There's no such statement as DELETE . . . FOR UPDATE.
You need to be sensitive to context when you're reading about database updates. Update can mean any change to a database; it can include inserting, deleting, and updating rows. In the docs cited below, "locked as though for update" is explicitly talking about UPDATE and DELETE statements, among others.
Current docs
FOR UPDATE causes the rows retrieved by the SELECT statement to be
locked as though for update. This prevents them from being modified or
deleted by other transactions until the current transaction ends. That
is, other transactions that attempt UPDATE, DELETE, SELECT FOR UPDATE,
SELECT FOR NO KEY UPDATE, SELECT FOR SHARE or SELECT FOR KEY SHARE of
these rows will be blocked until the current transaction ends. The FOR
UPDATE lock mode is also acquired by any DELETE on a row, and also by
an UPDATE that modifies the values on certain columns. Currently, the
set of columns considered for the UPDATE case are those that have an
unique index on them that can be used in a foreign key (so partial
indexes and expressional indexes are not considered), but this may
change in the future. Also, if an UPDATE, DELETE, or SELECT FOR UPDATE
from another transaction has already locked a selected row or rows,
SELECT FOR UPDATE will wait for the other transaction to complete, and
will then lock and return the updated row (or no row, if the row was
deleted).
Short version: the FOR UPDATE in a sub-select is not necessary because the DELETE implementation already does the necessary locking. It would be redundant.

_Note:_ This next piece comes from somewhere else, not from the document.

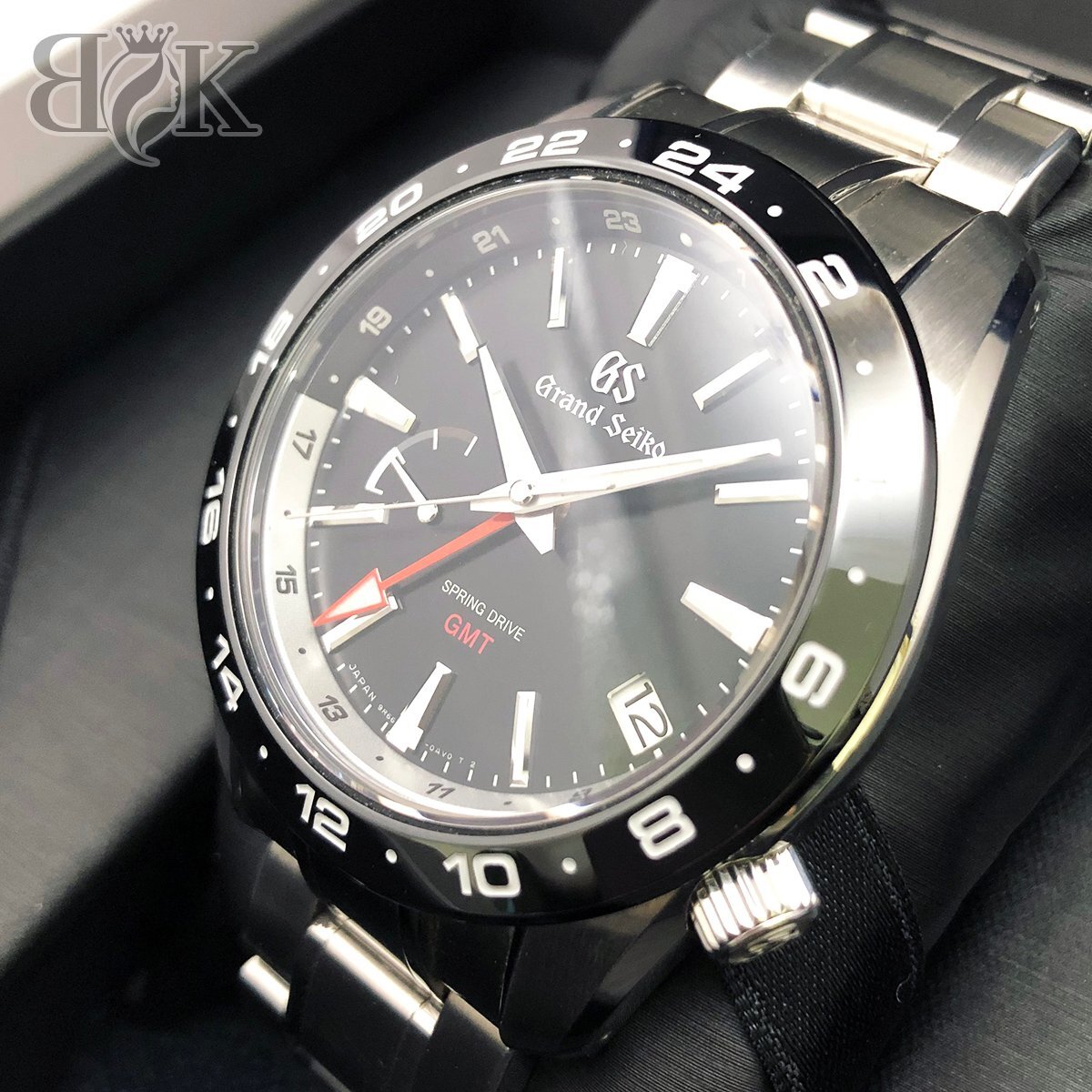 グランドセイコー スポーツコレクション GMT デイト SBGE253 9F66-0BB0 スプリングドライブ 自動巻き 時計 黒文字盤 GRAND SEIKO ♭ ∞拍卖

Ideally you should read and digest Concurrency Control to learn how the concurrency issues are dealt with by the SQL engine.
Specifically for the case you're mentioning, I think these couple of excerpts are the most relevant, in Read Committed Isolation Level:
UPDATE, DELETE, SELECT FOR UPDATE, and SELECT FOR SHARE commands
behave the same as SELECT in terms of searching for target rows: they
will only find target rows that were committed as of the command start
time.
However, such a target row might have already been updated (or
deleted or locked) by another concurrent transaction by the time it is
found. In this case, the would-be updater will wait for the first
updating transaction to commit or roll back (if it is still in
progress).
So one of your two concurrent DELETE will be put to wait, as soon as it tries to delete a row that the other one already processed just before. This wait will only end when the other one commits or roll backs. In a way, that means that the engine "detected the conflict" and serialized the two DELETE in order to deal with that conflict.
If the first updater rolls back, then its effects are
negated and the second updater can proceed with updating the
originally found row. If the first updater commits, the second updater
will ignore the row if the first updater deleted it, otherwise it will
attempt to apply its operation to the updated version of the row.
In your scenario, after the first DELETE has committed and the second one is waked up, the second one will be unable to delete the row that it was put to wait for, because it's no longer current, it's gone. That's not an error in this isolation level. The execution will just go on with the other rows, some of which may also have disappeared. Eventually it will report the actual number of rows that were deleted by this statement, that may be different from the number that the sub-select initially found, before the statement was put to wait.